Nevada's labor market ended 2011 on the rise, though a glut of unemployed, underemployed and discouraged workers continues to cast a shadow over the state's recovery.

A Monday report from the state Department of Employment, Training and Rehabilitation showed that Nevada's unemployment rate fell from 13 percent in November to 12.6 percent in December, though the Las Vegas rate ticked up from 12.4 percent to 12.7 percent in the same period (the department doesn't seasonally adjust local rates, so state and city trends can differ).

The Silver State also posted its first calendar-year gain in jobs since 2007, with 2,100 new net positions in 2011. What's more, 2011's unemployment rate averaged 13.1 percent, well below 2010's 14.9 percent.
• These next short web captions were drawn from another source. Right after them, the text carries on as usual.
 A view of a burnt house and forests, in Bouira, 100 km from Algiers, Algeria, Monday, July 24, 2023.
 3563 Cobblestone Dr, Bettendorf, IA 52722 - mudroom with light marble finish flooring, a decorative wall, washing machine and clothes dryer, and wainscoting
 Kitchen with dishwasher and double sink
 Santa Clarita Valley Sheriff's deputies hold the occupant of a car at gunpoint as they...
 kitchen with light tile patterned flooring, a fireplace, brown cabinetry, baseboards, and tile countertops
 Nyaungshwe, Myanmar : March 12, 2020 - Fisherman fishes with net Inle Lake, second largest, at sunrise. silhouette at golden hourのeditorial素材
That was the first year-over-year decline in the average rate since 2006. Local joblessness also fell, averaging 13.3 percent in 2011, compared with 15.2 percent in 2010.

"It appears we've turned a corner and are on a slightly upward trajectory," said Bill Anderson, chief economist for the employment department.

Yet, Anderson called the report only "fairly encouraging."

Steve Brown, director of the Center for Business and Economic Research at the University of Nevada, Las Vegas, pointed to widespread December job losses in industries ranging from retail to construction, and said the local economy was moving "sideways" -- a direction that

he called below expectations for recovery.

And analysts with Union Gaming Group in Las Vegas sounded a cautious note. The research company said in a Monday note to investors that the drop in unemployment was encouraging, though analysts traced most of the improvement back to a declining workforce. Despite a 4.4 percent increase in local visitor volumes through November and a 5.2 percent gain in gaming revenue, the job picture in Las Vegas "continues to be lackluster," the report said.

That's because there's an offset for each improvement in the report.

First, the unemployment rate is dropping partly because the labor force continues to shrink, though certainly not at the rate it contracted in early 2011. In the first half of the year, the labor force dwindled by 2 percent to 3 percent year over year as discouraged workers quit looking for jobs here. That year-over-year shrinkage rate fell to around 1 percent in the second half of 2011. From June to December, the state's labor force actually added about 8,000 people. The fact that unemployment still dropped toward year's end signals that job growth has replaced a waning labor force as the bigger factor in falling joblessness.

"What paved the way for those (unemployment) declines in November and December was modest job growth coupled with a stable labor force," Anderson said.

Calling the year's job growth "modest" puts it mildly. The 2,100-job gain in 2011 was a fraction of the 60,000-job average annual growth pre-recession.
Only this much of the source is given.